L’Assemblée nationale a décidé de suspendre la séance plénière consacrée à l’examen de la proposition de loi portant sur le régime juridique des crédits spéciaux, initialement prévue ce mercredi 19 août 2026.

Dans un communiqué publié ce mardi 18 août, l’institution parlementaire affirme que l’Exécutif a saisi le Conseil constitutionnel d’un recours visant à faire déclarer que certaines dispositions de cette proposition de loi relèvent du pouvoir réglementaire.

L’Assemblée nationale estime que cette saisine intervient dans un contexte d’« obstruction systématique » au processus législatif visant, selon elle, à renforcer la transparence dans la gestion des deniers publics.

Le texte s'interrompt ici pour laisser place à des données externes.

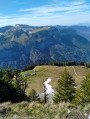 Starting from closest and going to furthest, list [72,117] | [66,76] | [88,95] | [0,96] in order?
[72,117] → [88,95] → [0,96] → [66,76]

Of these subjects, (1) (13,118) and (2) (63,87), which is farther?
(2) (63,87)

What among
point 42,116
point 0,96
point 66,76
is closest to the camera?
point 42,116

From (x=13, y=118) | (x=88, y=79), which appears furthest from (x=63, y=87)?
(x=13, y=118)

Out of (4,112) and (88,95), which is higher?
(4,112)

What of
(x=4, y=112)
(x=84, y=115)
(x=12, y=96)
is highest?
(x=84, y=115)

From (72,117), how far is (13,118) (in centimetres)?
499

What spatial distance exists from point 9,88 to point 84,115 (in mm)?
20364

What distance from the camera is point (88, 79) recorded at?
2302cm

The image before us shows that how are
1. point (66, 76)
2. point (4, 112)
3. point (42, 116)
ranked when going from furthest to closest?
point (66, 76) → point (4, 112) → point (42, 116)

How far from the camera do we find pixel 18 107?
1212cm

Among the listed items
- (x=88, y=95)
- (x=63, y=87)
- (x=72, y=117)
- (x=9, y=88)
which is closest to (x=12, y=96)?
(x=9, y=88)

Malgré l’absence, selon le communiqué, de disposition prévoyant expressément un effet suspensif du recours, l’Assemblée nationale dit avoir choisi de suspendre la plénière « soucieuse de la stabilité, de l’élégance républicaine et du dialogue entre les Institutions ».

Les autres travaux maintenus

Le Parlement précise toutefois que cette suspension ne concerne pas les autres travaux inscrits à son agenda.

Ainsi, les travaux relatifs à la ratification des propositions de résolution portant création de commissions d’enquête parlementaire sont maintenus pour le jeudi 20 août 2026.

Il en est de même pour l’examen du projet de loi n° 25/2026 portant sur la protection des infrastructures d’information critiques et la sécurité numérique.

Source : RTS.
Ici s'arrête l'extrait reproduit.